PORTLAND – State officials are asking that a man accused of stabbing with a pocketknife the owner of a truck he had stolen earlier in the day be held without bond.
The Cumberland County District Attorney’s Office based its request, which attorneys made during Monday’s hearing, on a law that prevents prisoners charged with capital offenses from being released.
Julia Sheridan, an assistant district attorney, said the attack’s apparent random nature makes Nicholas Bennett dangerous to the community. “Someone that aggressive and violent should not be out on bail,” she said.
Bennett, 21, a transient with family in Eliot, is charged with breaking into the home of John Ohrt last Thursday and stabbing him repeatedly with a pocketknife.
Burglary after dark used to be a capital offense in Maine before the state abolished the death penalty in 1887. According to police, sunset occurred at 4:43 p.m.

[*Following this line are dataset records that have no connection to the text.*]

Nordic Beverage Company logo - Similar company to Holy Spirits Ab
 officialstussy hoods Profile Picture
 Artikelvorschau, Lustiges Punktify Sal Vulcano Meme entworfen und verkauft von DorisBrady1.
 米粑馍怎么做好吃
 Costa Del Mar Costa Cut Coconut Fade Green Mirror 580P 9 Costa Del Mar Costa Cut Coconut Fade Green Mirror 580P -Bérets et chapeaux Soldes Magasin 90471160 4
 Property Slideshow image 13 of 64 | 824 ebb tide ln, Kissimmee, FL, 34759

Thursday, making the entry a nighttime break-in.
According to police reports, Bennett stole Ohrt’s truck earlier in the day and used identification he found in it to learn where Ohrt lived.
Ohrt told police that he was on the telephone when a man police have said was Bennett came into his apartment and began hitting Ohrt with a green bottle and stabbing him with a pocketknife.
Bennett drove away in Ohrt’s pickup truck and was later arrested in Yarmouth.
His attorney said that holes in the state’s evidence mean his client should be released. “I think there’s a lot more to this case than meets the eye,” said Howard O’Brien, who would not go into specifics.